- [Prompt] Every line from the one holding "Виталий, Россия, Москва, 53 года" through the one holding "Сдам офис, 484" in the data below must be returned exactly, both ends included, with pictures left out and nothing else added.

____ Listed records

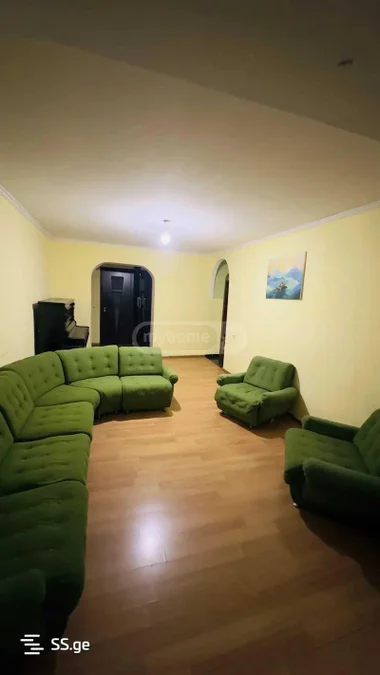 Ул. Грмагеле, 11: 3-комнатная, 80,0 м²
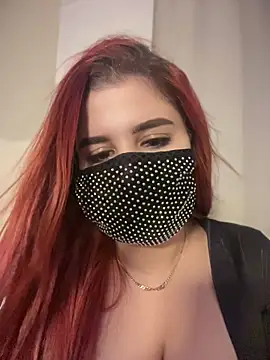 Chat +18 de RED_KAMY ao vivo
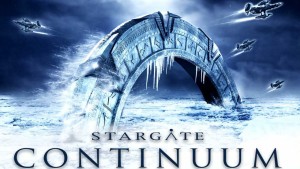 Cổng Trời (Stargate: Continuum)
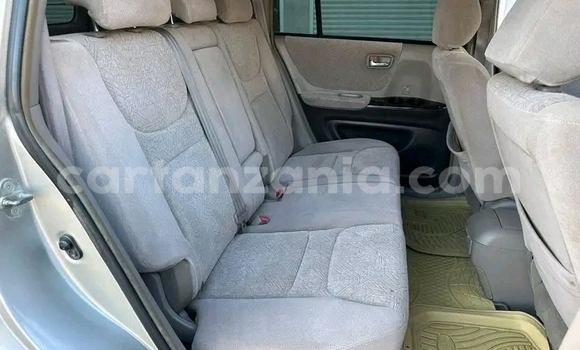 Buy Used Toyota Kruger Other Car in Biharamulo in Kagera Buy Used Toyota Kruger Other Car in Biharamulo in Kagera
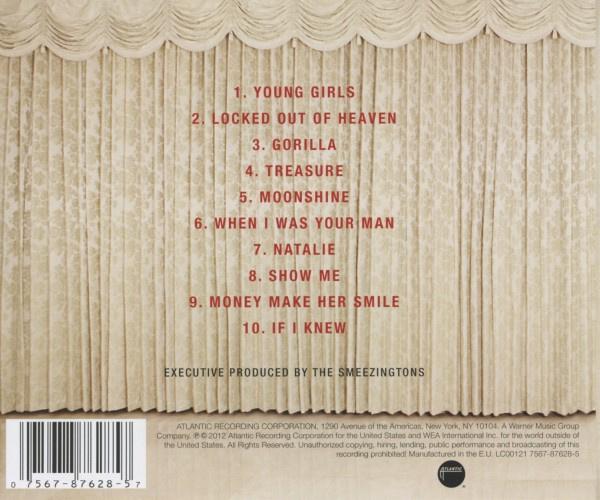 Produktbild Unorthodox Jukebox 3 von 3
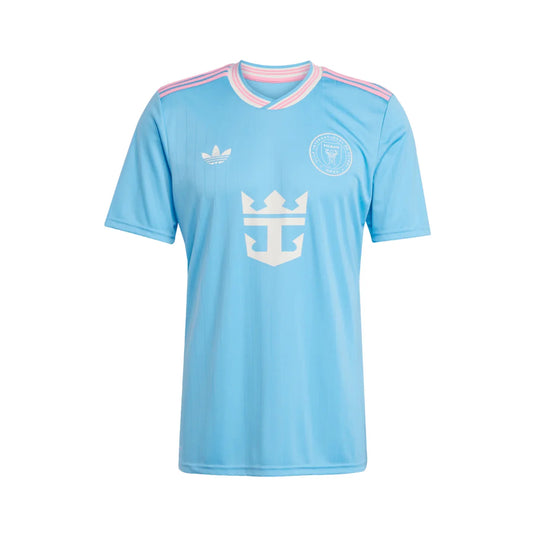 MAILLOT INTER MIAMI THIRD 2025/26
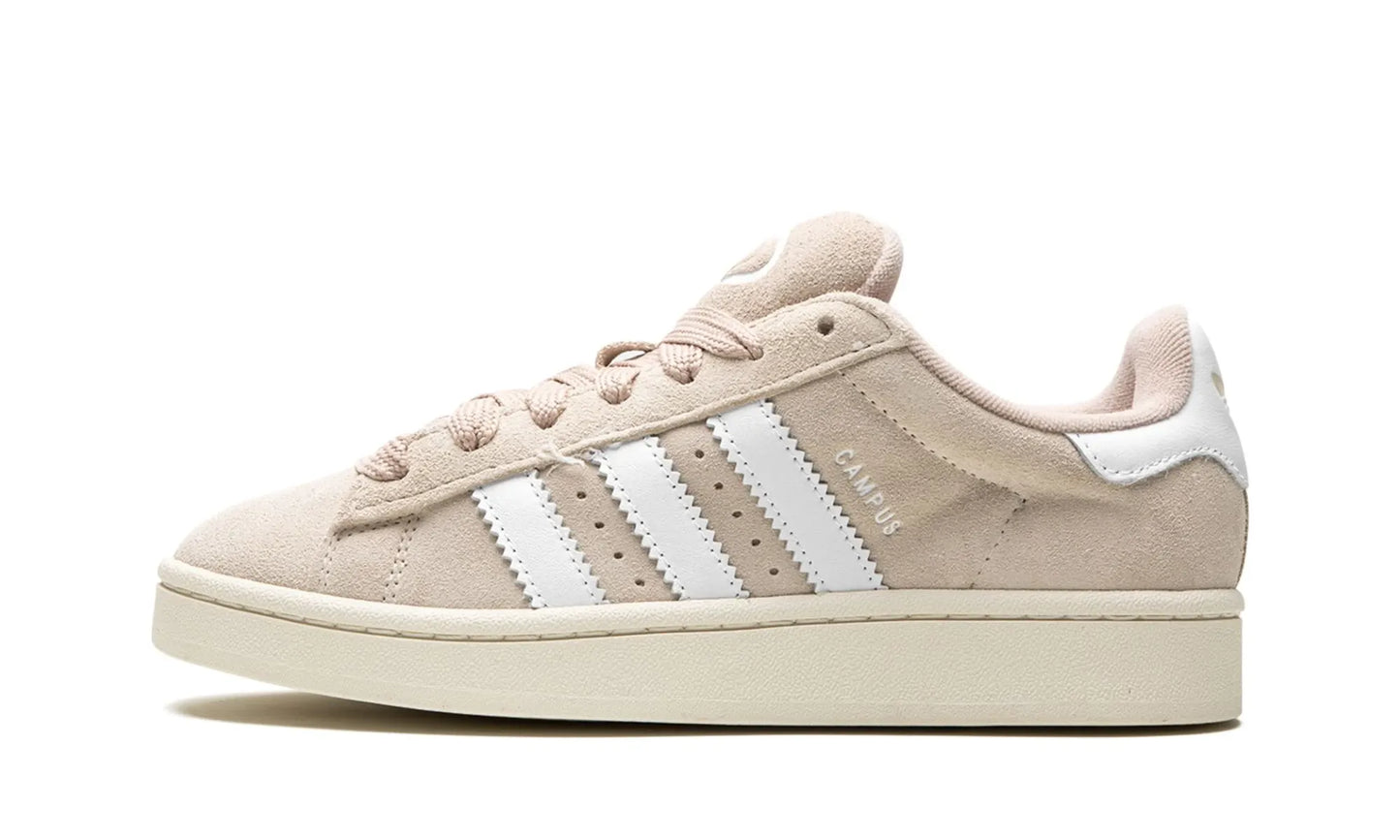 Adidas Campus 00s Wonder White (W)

________
____ Listed records

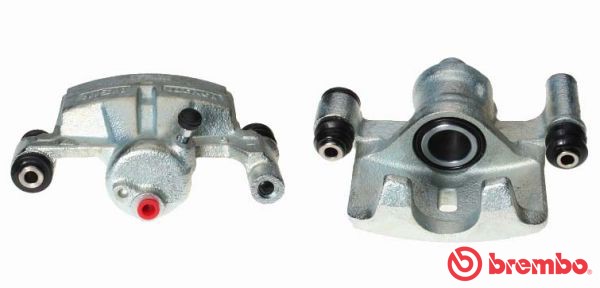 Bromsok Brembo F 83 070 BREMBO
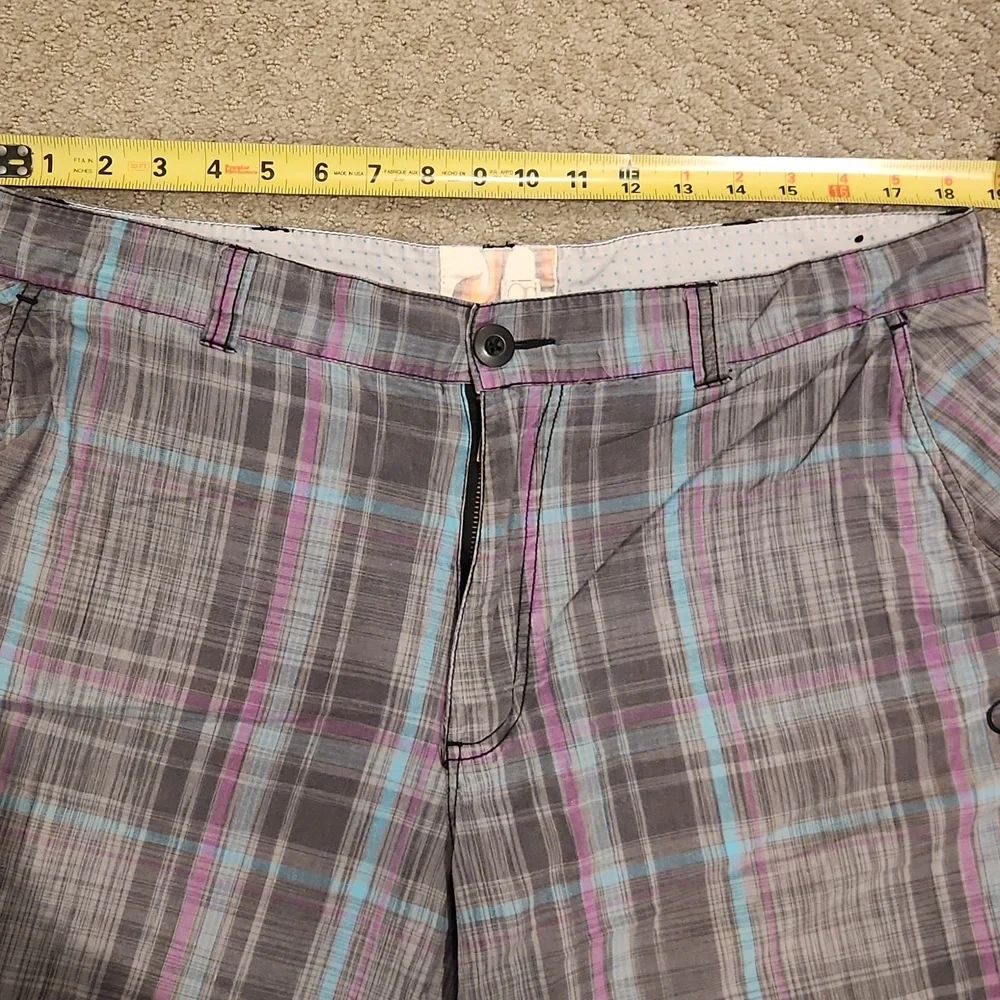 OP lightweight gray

________
____ Listed records

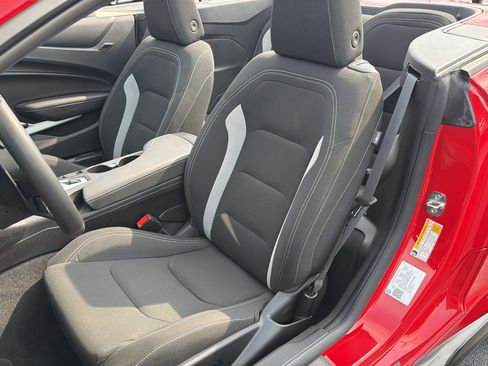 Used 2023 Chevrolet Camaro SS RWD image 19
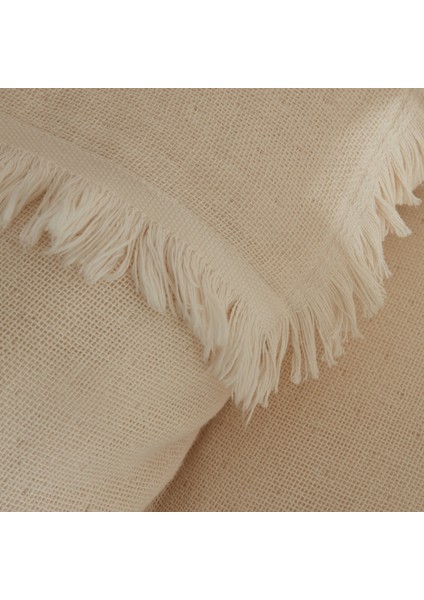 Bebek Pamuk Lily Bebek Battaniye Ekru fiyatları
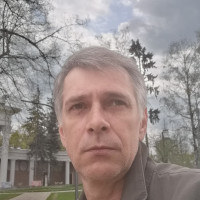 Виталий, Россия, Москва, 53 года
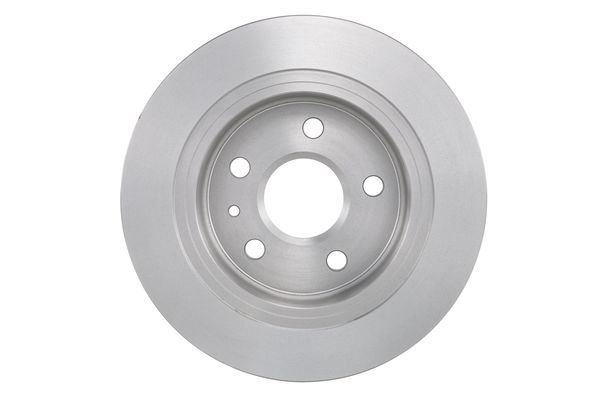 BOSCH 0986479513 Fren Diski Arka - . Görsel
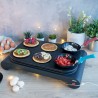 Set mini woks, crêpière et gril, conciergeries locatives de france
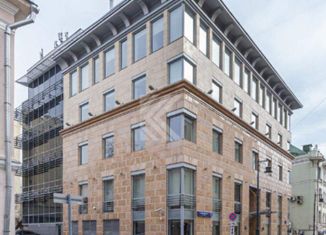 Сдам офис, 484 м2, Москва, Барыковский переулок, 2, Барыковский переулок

________

- [Exercise output]
 Виталий, Россия, Москва, 53 года
 BOSCH 0986479513 Fren Diski Arka - . Görsel
 Set mini woks, crêpière et gril, conciergeries locatives de france
 Сдам офис, 484 м2, Москва, Барыковский переулок, 2, Барыковский переулок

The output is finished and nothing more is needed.